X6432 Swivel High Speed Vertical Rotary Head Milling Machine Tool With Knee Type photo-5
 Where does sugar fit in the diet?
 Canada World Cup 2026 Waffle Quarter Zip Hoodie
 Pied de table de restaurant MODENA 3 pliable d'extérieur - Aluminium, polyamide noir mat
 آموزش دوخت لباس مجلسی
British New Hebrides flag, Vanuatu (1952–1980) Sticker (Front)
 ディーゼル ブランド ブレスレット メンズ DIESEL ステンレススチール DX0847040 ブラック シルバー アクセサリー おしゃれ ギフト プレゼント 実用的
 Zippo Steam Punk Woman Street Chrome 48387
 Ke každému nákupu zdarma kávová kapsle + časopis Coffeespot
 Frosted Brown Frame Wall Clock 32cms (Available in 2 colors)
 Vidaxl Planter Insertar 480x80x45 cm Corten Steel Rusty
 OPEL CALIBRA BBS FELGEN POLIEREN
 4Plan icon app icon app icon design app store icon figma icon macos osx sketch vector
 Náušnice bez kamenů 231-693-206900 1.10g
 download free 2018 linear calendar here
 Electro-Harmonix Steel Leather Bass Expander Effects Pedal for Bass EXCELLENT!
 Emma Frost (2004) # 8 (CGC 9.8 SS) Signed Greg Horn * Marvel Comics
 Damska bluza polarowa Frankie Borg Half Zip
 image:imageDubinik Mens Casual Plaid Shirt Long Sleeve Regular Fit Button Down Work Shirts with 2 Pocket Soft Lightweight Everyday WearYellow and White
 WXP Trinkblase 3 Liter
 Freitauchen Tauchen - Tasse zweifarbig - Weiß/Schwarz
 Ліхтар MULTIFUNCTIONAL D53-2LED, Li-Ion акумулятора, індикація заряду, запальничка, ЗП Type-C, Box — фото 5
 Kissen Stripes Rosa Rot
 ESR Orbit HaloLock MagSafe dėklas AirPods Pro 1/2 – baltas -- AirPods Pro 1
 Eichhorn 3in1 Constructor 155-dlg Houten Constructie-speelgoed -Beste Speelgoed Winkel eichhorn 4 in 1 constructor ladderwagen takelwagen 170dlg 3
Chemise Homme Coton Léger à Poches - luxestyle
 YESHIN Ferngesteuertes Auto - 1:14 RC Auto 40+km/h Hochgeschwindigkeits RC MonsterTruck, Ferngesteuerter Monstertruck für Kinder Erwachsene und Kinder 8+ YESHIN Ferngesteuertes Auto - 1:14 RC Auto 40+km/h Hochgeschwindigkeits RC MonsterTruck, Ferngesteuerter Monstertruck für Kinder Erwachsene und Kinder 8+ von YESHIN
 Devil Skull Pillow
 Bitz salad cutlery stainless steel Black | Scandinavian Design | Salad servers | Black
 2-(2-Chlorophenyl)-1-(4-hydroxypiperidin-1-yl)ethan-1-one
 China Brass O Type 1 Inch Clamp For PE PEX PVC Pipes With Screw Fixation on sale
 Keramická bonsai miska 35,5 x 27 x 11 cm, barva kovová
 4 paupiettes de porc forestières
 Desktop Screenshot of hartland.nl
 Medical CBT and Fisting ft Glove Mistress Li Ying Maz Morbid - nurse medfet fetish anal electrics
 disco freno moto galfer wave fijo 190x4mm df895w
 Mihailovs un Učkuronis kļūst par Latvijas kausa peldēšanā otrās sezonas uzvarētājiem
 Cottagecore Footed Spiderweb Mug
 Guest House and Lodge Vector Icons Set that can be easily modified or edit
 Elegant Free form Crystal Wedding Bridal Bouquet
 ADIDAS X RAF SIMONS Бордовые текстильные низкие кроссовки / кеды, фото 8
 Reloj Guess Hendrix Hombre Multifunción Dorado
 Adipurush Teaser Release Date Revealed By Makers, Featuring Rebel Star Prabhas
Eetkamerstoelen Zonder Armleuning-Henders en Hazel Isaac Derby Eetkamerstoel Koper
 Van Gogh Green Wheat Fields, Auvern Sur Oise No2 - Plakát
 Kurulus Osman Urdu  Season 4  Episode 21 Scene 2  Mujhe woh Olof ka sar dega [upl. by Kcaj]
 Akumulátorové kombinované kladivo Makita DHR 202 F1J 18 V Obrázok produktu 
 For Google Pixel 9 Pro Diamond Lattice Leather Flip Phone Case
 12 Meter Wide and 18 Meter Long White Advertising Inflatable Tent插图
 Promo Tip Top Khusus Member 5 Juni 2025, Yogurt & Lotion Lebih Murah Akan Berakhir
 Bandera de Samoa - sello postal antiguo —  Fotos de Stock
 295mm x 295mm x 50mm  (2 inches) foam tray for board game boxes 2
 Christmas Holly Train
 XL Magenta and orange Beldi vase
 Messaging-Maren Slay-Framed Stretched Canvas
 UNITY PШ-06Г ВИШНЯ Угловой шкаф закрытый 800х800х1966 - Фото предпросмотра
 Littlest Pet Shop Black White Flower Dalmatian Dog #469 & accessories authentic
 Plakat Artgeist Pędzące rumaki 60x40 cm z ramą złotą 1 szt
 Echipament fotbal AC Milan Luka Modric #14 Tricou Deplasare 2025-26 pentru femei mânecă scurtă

◇ ◇ ◇

### WHAT NEEDS TO BE DONE
Exact duplication is required for the lines above, from the line that contains "Damska bluza polarowa Frankie Borg Half Zip" to the line that contains "For Google Pixel", inclusive; omit all others.

### SOLUTION FOR THIS TASK
 Damska bluza polarowa Frankie Borg Half Zip
 image:imageDubinik Mens Casual Plaid Shirt Long Sleeve Regular Fit Button Down Work Shirts with 2 Pocket Soft Lightweight Everyday WearYellow and White
 WXP Trinkblase 3 Liter
 Freitauchen Tauchen - Tasse zweifarbig - Weiß/Schwarz
 Ліхтар MULTIFUNCTIONAL D53-2LED, Li-Ion акумулятора, індикація заряду, запальничка, ЗП Type-C, Box — фото 5
 Kissen Stripes Rosa Rot
 ESR Orbit HaloLock MagSafe dėklas AirPods Pro 1/2 – baltas -- AirPods Pro 1
 Eichhorn 3in1 Constructor 155-dlg Houten Constructie-speelgoed -Beste Speelgoed Winkel eichhorn 4 in 1 constructor ladderwagen takelwagen 170dlg 3
Chemise Homme Coton Léger à Poches - luxestyle
 YESHIN Ferngesteuertes Auto - 1:14 RC Auto 40+km/h Hochgeschwindigkeits RC MonsterTruck, Ferngesteuerter Monstertruck für Kinder Erwachsene und Kinder 8+ YESHIN Ferngesteuertes Auto - 1:14 RC Auto 40+km/h Hochgeschwindigkeits RC MonsterTruck, Ferngesteuerter Monstertruck für Kinder Erwachsene und Kinder 8+ von YESHIN
 Devil Skull Pillow
 Bitz salad cutlery stainless steel Black | Scandinavian Design | Salad servers | Black
 2-(2-Chlorophenyl)-1-(4-hydroxypiperidin-1-yl)ethan-1-one
 China Brass O Type 1 Inch Clamp For PE PEX PVC Pipes With Screw Fixation on sale
 Keramická bonsai miska 35,5 x 27 x 11 cm, barva kovová
 4 paupiettes de porc forestières
 Desktop Screenshot of hartland.nl
 Medical CBT and Fisting ft Glove Mistress Li Ying Maz Morbid - nurse medfet fetish anal electrics
 disco freno moto galfer wave fijo 190x4mm df895w
 Mihailovs un Učkuronis kļūst par Latvijas kausa peldēšanā otrās sezonas uzvarētājiem
 Cottagecore Footed Spiderweb Mug
 Guest House and Lodge Vector Icons Set that can be easily modified or edit
 Elegant Free form Crystal Wedding Bridal Bouquet
 ADIDAS X RAF SIMONS Бордовые текстильные низкие кроссовки / кеды, фото 8
 Reloj Guess Hendrix Hombre Multifunción Dorado
 Adipurush Teaser Release Date Revealed By Makers, Featuring Rebel Star Prabhas
Eetkamerstoelen Zonder Armleuning-Henders en Hazel Isaac Derby Eetkamerstoel Koper
 Van Gogh Green Wheat Fields, Auvern Sur Oise No2 - Plakát
 Kurulus Osman Urdu  Season 4  Episode 21 Scene 2  Mujhe woh Olof ka sar dega [upl. by Kcaj]
 Akumulátorové kombinované kladivo Makita DHR 202 F1J 18 V Obrázok produktu 
 For Google Pixel 9 Pro Diamond Lattice Leather Flip Phone Case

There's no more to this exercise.